Sounds Scores: Paper, Wood, Stone and Glass by Andrew Deutsch & Stephen Vitiello

The Warehouse Gallery will open the exhibition Andrew Deutsch & Stephen Vitiello: Sound Scores: Paper, Wood, Stone and Glass, an installation composed of audio & video pieces as well as photographs, prints and sculpture.
 
March 27, 2009 - PRLog -- SYRACUSE, NY—On April 2, The Warehouse Gallery will open the exhibition Andrew Deutsch & Stephen Vitiello: Sound Scores: Paper, Wood, Stone and Glass, an installation composed of audio & video pieces as well as photographs, prints and sculpture. Deutsch and Vitiello are musicians, composers and sound artists who have been collaborating since 1999. A public reception for the exhibition will be held from 5–8 p.m. on April 2, with a lecture by the artists in the Warehouse Auditorium at 6 p.m. The exhibition is intended for audiences of all ages.

On April 14 at 6 p.m., the gallery will host Soundscape Design: Acoustic Creativity—'Klanguage' for Media by Hans-Ulrich Werner, professor for sound, media and acoustic communication at the University of Applied Sciences in Offenburg, Germany, and a visiting lecturer in the Department of Television, Radio and Film, S.I. Newhouse School of Public Communications, Syracuse University. All events at The Warehouse are free and open to the public. The exhibition programming will culminate with a Raster-Noton live concert at the Redhouse on June 3 at 8 p.m. For ticket information, please contact the Redhouse Arts Center directly by calling (315) 425-0405.

ABOUT THE EXHIBITION:

In Sound Scores: Paper, Wood, Stone and Glass, their first co-exhibition, artists Andrew Deutsch and Stephen Vitiello provided each other with musical scores for the other to perform. In so doing, they emphasize the visual nature of sound scores, shedding light on this complex, seemingly inaccessible medium called sound art.
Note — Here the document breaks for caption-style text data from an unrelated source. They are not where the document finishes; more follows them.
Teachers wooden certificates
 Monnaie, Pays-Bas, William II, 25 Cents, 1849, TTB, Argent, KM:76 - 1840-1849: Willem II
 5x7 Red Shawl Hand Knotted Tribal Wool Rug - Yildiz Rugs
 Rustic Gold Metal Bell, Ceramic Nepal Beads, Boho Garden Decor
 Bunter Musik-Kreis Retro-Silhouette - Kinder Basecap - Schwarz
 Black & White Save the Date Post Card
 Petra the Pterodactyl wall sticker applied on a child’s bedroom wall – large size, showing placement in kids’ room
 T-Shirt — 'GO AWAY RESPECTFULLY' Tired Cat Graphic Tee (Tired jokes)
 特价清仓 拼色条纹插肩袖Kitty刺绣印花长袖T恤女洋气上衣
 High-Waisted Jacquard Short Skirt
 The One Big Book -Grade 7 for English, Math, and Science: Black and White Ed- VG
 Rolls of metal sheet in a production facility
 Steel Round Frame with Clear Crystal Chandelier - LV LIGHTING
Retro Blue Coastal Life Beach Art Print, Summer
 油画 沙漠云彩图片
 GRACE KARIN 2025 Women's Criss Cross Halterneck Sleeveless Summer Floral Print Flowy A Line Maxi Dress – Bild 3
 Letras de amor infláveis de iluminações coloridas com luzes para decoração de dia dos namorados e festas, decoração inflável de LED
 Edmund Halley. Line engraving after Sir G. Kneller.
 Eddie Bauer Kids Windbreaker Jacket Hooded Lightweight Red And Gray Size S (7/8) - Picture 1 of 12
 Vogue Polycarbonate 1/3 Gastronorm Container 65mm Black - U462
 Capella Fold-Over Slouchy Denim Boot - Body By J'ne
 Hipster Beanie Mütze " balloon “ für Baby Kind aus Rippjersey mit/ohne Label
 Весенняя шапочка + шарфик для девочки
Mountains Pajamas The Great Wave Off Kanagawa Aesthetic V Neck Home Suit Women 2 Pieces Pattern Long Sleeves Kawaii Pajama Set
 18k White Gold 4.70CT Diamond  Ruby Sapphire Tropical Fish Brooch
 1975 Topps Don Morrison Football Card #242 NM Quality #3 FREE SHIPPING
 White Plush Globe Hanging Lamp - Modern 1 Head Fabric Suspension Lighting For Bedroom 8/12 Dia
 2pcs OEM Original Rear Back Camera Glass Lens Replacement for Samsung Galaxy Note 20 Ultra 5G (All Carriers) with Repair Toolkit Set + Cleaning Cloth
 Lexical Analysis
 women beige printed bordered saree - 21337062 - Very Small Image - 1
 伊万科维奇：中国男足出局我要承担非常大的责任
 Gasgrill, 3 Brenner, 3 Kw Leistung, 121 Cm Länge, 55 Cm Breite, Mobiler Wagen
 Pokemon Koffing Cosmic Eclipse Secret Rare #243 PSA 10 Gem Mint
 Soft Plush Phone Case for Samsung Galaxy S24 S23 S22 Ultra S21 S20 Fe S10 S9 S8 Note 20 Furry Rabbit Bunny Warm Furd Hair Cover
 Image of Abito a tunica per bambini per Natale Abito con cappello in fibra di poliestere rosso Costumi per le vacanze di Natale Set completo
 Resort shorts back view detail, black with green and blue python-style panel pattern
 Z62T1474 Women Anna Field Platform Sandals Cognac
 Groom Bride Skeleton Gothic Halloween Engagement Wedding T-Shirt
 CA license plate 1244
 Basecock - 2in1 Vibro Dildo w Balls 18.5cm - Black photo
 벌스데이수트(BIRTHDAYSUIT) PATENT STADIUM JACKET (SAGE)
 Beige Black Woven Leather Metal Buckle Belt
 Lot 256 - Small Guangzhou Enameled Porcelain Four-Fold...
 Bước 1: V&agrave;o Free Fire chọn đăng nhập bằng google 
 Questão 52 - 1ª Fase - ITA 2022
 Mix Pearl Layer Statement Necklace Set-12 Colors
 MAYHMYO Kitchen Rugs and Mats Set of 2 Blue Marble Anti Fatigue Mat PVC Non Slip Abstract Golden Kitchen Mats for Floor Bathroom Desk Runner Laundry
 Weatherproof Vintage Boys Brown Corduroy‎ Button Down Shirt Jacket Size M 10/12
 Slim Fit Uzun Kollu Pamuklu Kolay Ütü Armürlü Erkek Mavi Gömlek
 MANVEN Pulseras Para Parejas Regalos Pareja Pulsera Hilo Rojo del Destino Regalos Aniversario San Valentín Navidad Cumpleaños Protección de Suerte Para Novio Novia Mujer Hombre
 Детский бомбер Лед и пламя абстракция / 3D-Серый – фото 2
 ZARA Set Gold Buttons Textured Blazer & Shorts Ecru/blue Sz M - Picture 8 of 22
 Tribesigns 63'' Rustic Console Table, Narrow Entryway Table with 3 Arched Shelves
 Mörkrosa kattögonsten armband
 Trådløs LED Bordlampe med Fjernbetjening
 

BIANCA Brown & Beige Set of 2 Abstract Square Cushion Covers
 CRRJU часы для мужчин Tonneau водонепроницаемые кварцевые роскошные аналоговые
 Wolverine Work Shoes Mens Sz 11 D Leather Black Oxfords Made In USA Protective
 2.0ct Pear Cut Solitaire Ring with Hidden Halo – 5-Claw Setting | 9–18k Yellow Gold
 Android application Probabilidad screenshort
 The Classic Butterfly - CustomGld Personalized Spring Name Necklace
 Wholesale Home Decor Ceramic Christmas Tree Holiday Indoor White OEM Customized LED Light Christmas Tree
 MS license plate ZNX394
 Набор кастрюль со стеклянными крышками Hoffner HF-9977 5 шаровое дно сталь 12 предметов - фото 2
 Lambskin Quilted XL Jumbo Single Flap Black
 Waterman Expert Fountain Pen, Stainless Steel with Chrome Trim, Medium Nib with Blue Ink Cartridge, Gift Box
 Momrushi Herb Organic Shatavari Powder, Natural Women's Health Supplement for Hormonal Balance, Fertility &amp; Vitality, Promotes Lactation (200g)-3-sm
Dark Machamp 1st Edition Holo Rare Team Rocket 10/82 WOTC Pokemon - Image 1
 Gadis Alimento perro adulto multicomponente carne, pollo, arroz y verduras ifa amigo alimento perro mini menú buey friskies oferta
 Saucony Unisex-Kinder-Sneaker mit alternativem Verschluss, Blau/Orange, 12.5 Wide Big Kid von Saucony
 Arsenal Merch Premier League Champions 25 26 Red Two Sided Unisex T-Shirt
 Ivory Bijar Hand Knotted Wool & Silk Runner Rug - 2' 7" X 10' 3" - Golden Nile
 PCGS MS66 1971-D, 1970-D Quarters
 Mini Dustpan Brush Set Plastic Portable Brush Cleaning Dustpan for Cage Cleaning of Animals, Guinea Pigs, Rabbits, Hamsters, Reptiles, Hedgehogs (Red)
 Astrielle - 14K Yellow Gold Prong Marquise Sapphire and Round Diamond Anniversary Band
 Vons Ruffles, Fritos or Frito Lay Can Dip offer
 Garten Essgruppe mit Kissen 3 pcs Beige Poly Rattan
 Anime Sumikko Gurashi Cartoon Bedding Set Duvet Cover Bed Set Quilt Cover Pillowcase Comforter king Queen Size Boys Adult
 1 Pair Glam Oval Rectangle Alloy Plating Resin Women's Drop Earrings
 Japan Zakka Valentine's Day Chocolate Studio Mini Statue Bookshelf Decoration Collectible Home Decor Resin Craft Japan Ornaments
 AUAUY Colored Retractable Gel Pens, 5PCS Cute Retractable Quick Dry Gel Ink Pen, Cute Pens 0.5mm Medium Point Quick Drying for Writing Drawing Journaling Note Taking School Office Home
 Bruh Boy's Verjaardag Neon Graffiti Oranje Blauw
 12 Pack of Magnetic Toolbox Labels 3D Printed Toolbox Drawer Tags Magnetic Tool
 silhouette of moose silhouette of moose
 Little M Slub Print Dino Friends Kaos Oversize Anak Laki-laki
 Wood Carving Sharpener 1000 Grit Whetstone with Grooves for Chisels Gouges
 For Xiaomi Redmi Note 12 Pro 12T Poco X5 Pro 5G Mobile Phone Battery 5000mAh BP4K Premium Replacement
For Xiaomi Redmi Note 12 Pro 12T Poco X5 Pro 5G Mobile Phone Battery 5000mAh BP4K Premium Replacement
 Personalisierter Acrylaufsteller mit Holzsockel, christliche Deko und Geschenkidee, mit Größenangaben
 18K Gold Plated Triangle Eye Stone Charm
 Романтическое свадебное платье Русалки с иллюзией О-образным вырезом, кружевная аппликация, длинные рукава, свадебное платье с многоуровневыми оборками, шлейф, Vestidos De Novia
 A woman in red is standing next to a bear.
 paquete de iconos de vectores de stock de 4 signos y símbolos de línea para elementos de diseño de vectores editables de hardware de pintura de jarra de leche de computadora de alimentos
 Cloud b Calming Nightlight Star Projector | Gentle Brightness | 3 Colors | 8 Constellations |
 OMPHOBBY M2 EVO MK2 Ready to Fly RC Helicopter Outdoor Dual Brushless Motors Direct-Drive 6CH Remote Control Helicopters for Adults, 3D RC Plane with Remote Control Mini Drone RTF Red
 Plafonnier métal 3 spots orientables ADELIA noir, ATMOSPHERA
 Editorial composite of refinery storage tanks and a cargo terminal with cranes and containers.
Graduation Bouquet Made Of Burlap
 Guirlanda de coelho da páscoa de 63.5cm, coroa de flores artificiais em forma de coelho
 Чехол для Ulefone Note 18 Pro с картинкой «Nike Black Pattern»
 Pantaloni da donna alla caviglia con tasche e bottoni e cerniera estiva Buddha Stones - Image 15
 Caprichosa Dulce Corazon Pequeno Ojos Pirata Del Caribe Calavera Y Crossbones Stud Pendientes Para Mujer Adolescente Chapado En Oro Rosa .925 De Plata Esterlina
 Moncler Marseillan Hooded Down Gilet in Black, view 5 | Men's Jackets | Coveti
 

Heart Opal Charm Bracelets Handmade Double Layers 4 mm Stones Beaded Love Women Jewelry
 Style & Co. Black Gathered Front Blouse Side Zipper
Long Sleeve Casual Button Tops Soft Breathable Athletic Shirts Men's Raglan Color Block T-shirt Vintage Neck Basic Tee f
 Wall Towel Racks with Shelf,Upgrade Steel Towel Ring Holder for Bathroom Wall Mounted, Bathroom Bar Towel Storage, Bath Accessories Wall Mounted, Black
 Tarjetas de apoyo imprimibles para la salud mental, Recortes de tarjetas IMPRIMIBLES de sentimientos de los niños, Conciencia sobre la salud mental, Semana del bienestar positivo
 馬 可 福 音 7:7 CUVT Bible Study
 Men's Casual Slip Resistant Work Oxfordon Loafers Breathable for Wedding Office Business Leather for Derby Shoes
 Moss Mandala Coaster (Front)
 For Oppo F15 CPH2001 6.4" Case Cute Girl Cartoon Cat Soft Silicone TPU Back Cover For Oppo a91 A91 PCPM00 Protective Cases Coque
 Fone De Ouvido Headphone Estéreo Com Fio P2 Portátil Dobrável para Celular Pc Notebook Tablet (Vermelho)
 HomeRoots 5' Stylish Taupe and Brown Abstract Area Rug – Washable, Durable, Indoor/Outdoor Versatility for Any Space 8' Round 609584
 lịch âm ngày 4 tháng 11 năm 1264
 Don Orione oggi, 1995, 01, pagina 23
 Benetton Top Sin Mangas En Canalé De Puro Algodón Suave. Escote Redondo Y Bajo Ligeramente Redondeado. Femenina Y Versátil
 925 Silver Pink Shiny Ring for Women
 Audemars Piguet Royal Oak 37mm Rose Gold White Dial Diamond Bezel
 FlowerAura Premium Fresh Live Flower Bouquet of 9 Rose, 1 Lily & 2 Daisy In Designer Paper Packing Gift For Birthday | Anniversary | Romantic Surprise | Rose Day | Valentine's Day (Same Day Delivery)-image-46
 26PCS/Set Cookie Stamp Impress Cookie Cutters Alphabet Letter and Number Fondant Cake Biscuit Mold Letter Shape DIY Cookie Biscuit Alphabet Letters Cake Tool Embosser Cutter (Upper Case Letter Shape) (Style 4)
In Vitiello’s work viewers will see a shift from landscape photographs (7 Studies for Graphic Scores, 2007) to abstract black-and-white prints (Pond Set, 2008) that continue to refer to landscape through black lines that evoke both reeds and musical notes. In the background of his videos, Deutsch includes imagery from the "Notgeld" (emergency money that was put into circulation in Germany during the economic crisis of the 1920s) as a reflection on our difficult economic times. Deutsch also uses these collectibles in the making of his own sound scores; he has created a narrative referring to the films of Fritz Lang, to illustrated children's books, and to early 20th-century European artistic abstraction, where sound and sight blend into a common experience.

In this joint exhibition at The Warehouse Gallery, they work as equals. This collaboration is based on complete trust in each other despite differing inclinations: Deutsch describes himself as “a composer” who is “dedicated almost exclusively to stereophonic electro-acoustic works,” while Vitiello takes “the full plunge into sound art.”

On March 30, the artists will work with a group of children from Seymour Dual Language Academy and Fowler High School in Syracuse. Vitiello says that “one of the main reasons for making the work […] is to connect with people. Sound art, video art, installation work still feels somewhat inaccessible to some audiences.” Aligned with the gallery’s mission to engage the community, the artists’ collaboration with Syracuse children will be as integral a part of the exhibition as the collaborative work between Deutsch and Vitiello themselves.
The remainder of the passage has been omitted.